→ WHAT YOU ARE ASKED TO DO: Omit the pictures and extract only the lines from the line containing "Luxembourg sees further" to the end of the material, each exactly as written.

→ DATA EXTRACT:
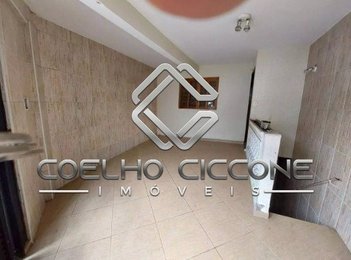 house em Alameda Conde de Porto Alegre, Santa Maria - São Caetano do Sul - SP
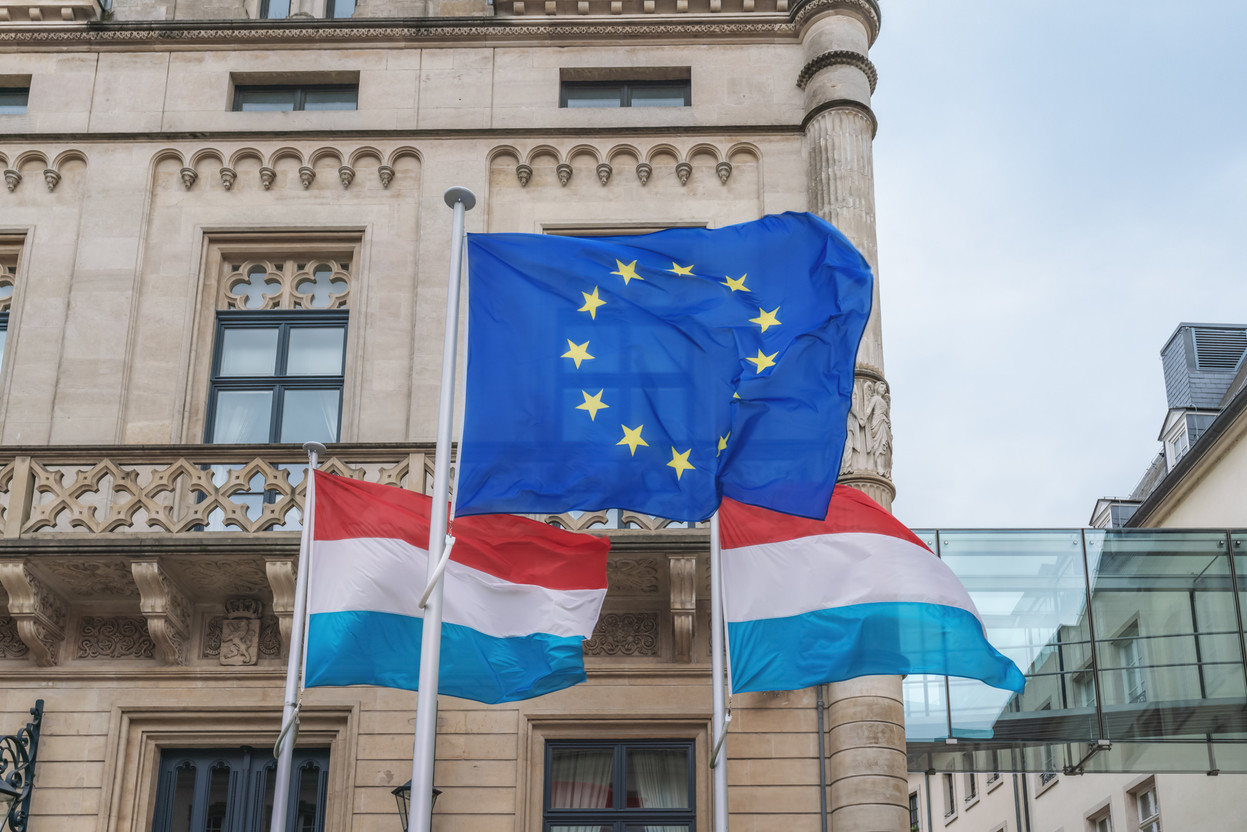 Luxembourg sees further delay when it comes to gender parity on boards ...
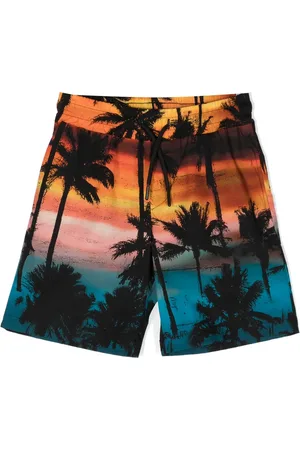 Msgm Sunset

→ FINISHED TASK:
 Luxembourg sees further delay when it comes to gender parity on boards ...
 Msgm Sunset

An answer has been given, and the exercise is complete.